**Available data:**
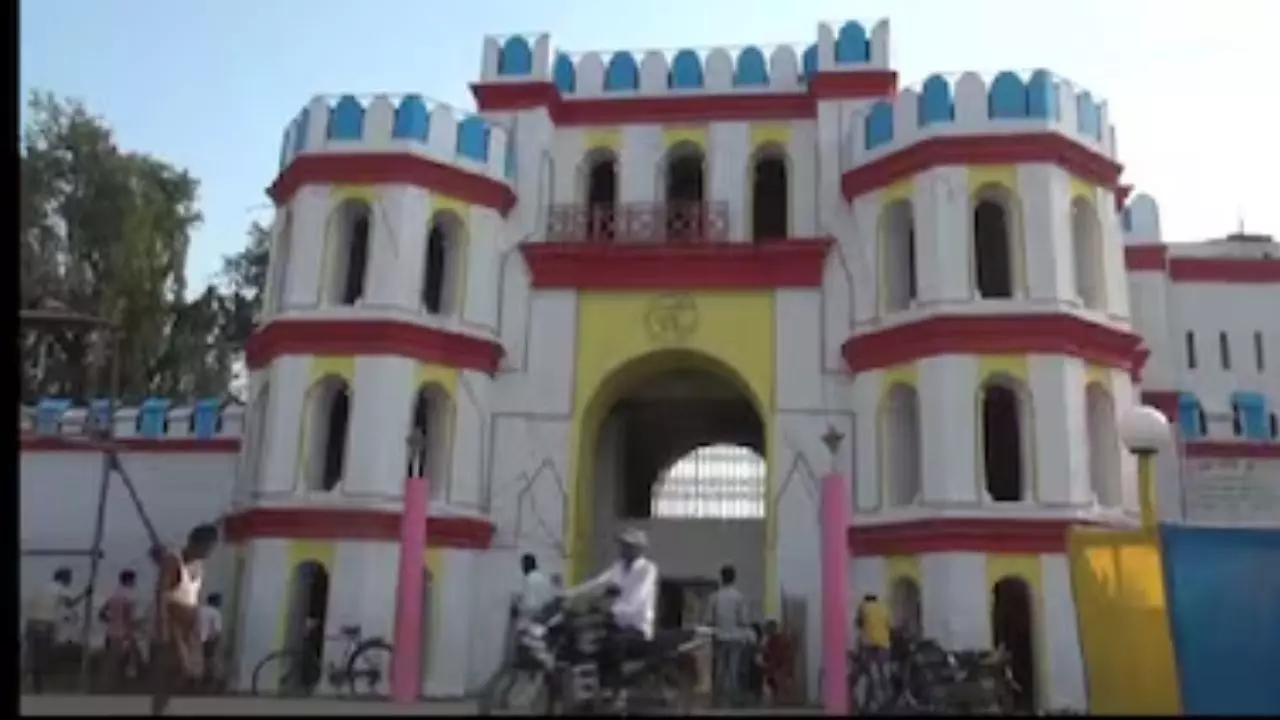 Khairagarh Maa Durga Mandir: ये है मां दुर्गा का अनोखा मंदिर, मनोकामना पूरी होने पर दी जाती है बकरे की बलि!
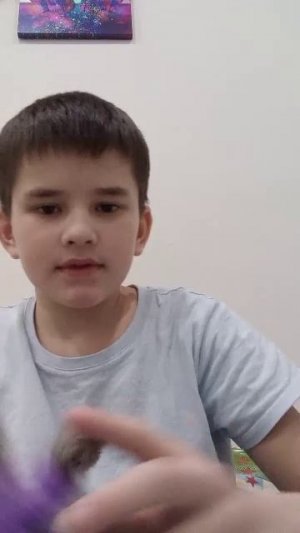 делаю колабы и выполняю квесты в комментариях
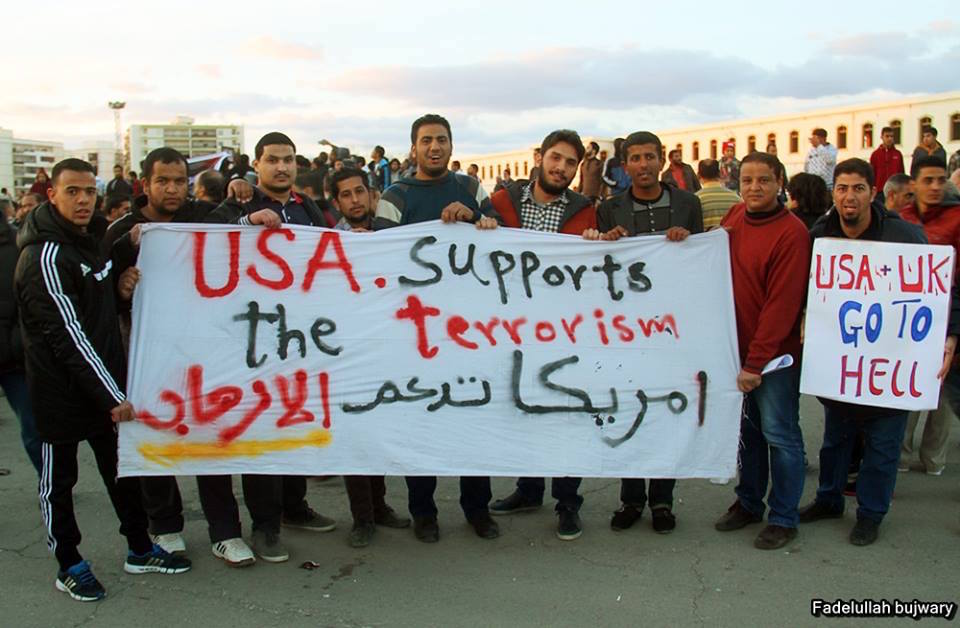 Benghazi demonstrators call for Hafter-led military council, burn US and British flags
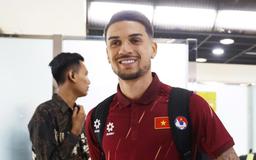 Đội tuyển Việt Nam đã đến Indonesia an toàn, sẵn sàng quyết đấu chủ nhà để giành vé bán kết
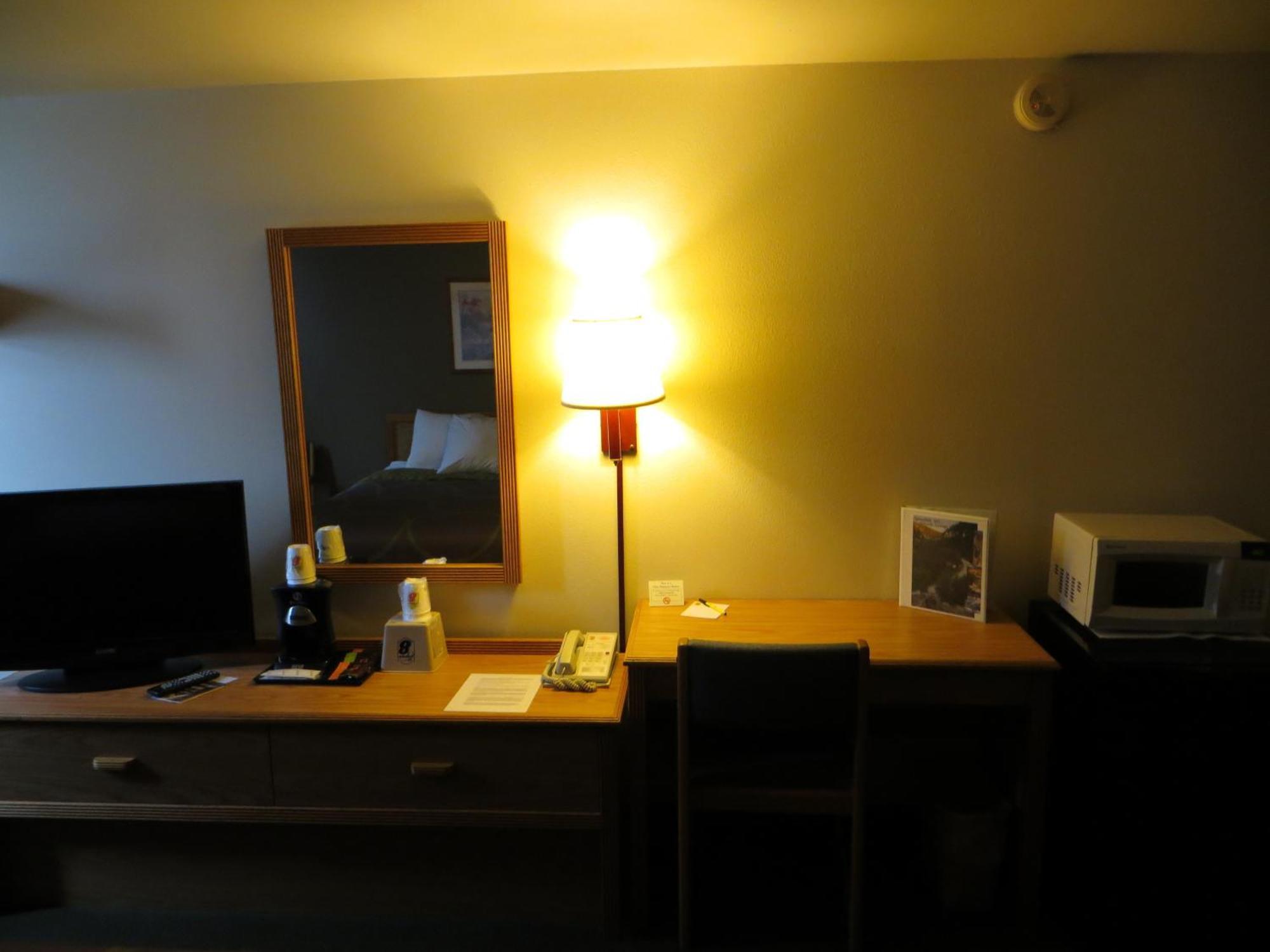 Super 8 By Wyndham Spearfish Quarto foto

**Task description:** Give back the listing exactly, with the pictures removed.

**Final answer:**
 Khairagarh Maa Durga Mandir: ये है मां दुर्गा का अनोखा मंदिर, मनोकामना पूरी होने पर दी जाती है बकरे की बलि!
 делаю колабы и выполняю квесты в комментариях
 Benghazi demonstrators call for Hafter-led military council, burn US and British flags
 Đội tuyển Việt Nam đã đến Indonesia an toàn, sẵn sàng quyết đấu chủ nhà để giành vé bán kết
 Super 8 By Wyndham Spearfish Quarto foto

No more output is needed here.